Snapshot the chainstate

Intended audience: Solo Stackers, Stacking pool operators, and node operators who need to create reliable chainstate backups.

Regular snapshots of your Stacks chainstate help you recover quickly when things go wrong. This guide shows you how to create and manage chainstate snapshots properly.

Shutdown Procedure

To produce a valid chainstate backup, the node should be stopped gracefully before making a copy. The following steps will correctly shutdown the Stacks node:

  1. Check node status before shutdown

    # Verify if the node is responsive
    curl http://localhost:20443/v2/info
  2. Initiate graceful shutdown

    • For Docker: docker stop stacks-node (allows at least 10 seconds for graceful shutdown)

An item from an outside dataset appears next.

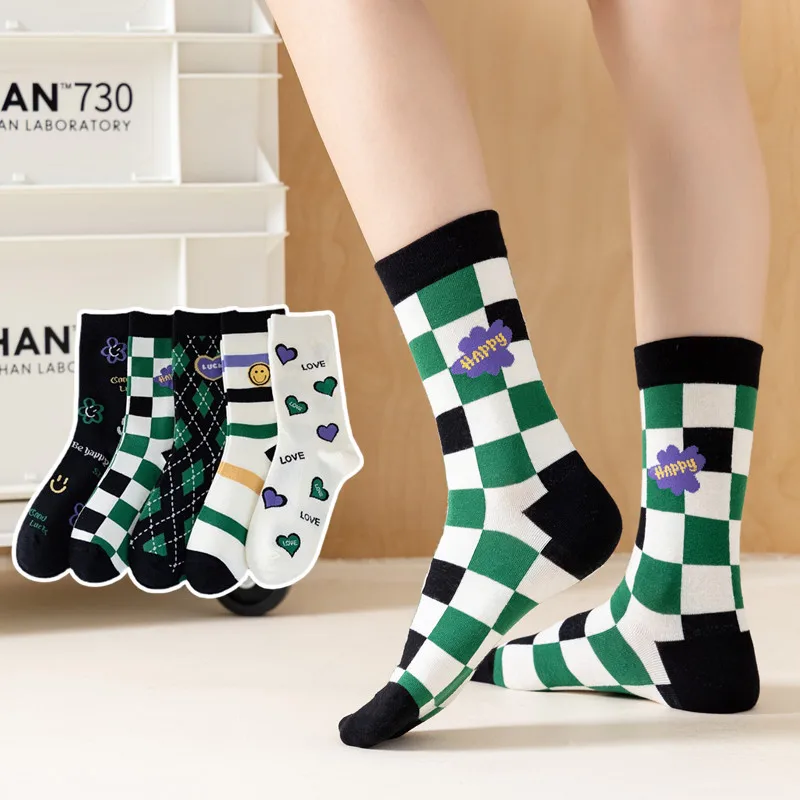 2022 Hot Sale New Trendy Checkboard Men's Cotton Fancy Smiling Plaid Love Sport Crew Socks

    • For systemd: systemctl stop stacks-node

    • For manual processes: kill $(ps aux | grep stacks-node | grep -v grep | awk '{print $2}')

  3. Verify complete shutdown

    # Ensure no stacks-node processes are running
    ps aux | grep stacks-node

Overview of Snapshot Methods

There are two primary approaches for creating Stacks chainstate snapshots:

  1. File-based snapshots - compress up the chainstate folder

  2. Volume snapshots - snapshot the entire disk/volume

Each method has its advantages depending on your infrastructure setup and recovery requirements.

File-Based Snapshots

This method involves compressing the chainstate directory and storing it locally, or uploading to a cloud storage service.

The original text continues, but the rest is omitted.